Malaysia court delays 'Allah' ruling

Hundreds of Muslims have demonstrated outside Malaysia's highest court as it postponed a decision on whether to hear the Catholic Church's bid to be allowed to call God "Allah".

The church is seeking to challenge a lower court's ruling last October that sides with the government forbidding non-Muslims from using the Arabic "Allah" in the local Malay language, an issue that has increased tensions in the Muslim-majority multi-ethnic country.

But a seven-judge panel in the administrative capital Putrajaya on Wednesday delayed its decision on whether to allow a full hearing of the case, or whether the lower court's verdict stands.

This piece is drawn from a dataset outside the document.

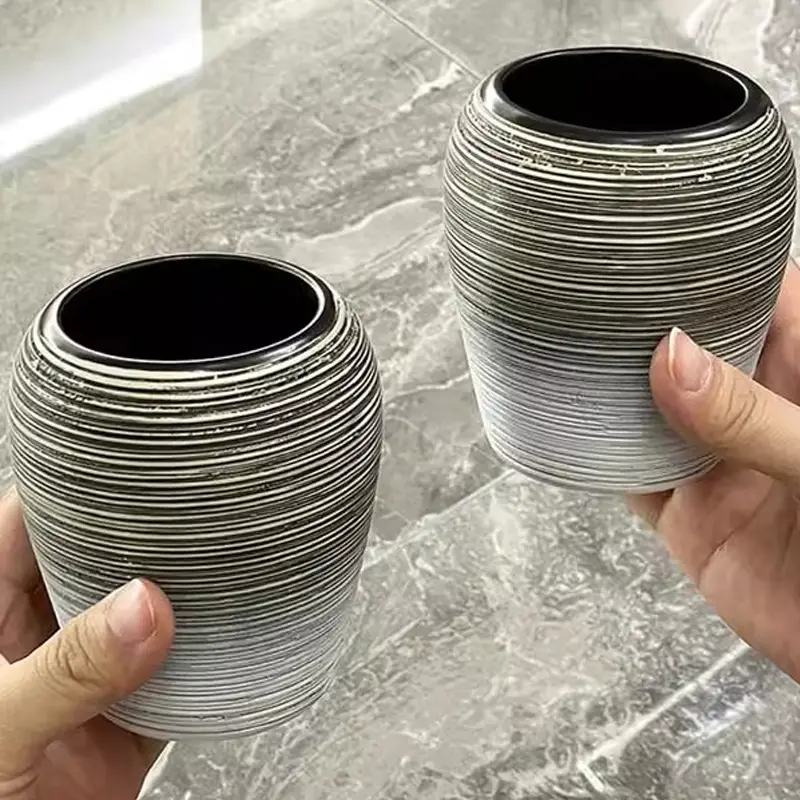 Stripe Brushed Ceramic Lotion Bottle Mouthwash Cup Soap Dish Toothbrush Holder Bathroom Supplies Household Bathroom Accessories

It gave no date for the decision after hearing arguments from both sides.

The church's lawyer Cyrus Das told AFP he was "quite confident" the panel would allow a full hearing. The case is "of great public importance", he said in court.

An appeals court in October barred the Catholic newspaper Herald from using "Allah" in its Malay-language edition, overturning a lower court's 2009 ruling in favour of the church.

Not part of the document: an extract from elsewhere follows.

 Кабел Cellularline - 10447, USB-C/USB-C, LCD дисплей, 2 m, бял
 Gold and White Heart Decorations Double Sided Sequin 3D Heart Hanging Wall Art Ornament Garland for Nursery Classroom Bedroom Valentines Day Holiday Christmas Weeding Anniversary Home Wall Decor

The church argues "Allah" has been used for centuries in Malay-language Bibles and other literature to refer to "God" outside of Islam.

But authorities say using "Allah" in non-Muslim literature could confuse Muslims and entice them to convert, a crime in Malaysia.

As the case began Wednesday, some 500 Muslims gathered outside the court, chanting "Allahu Akbar" or "God is great" and holding banners that read: "Want to use 'Allah', join Islam. Don't be ill-mannered".

They dispersed after the court hearing.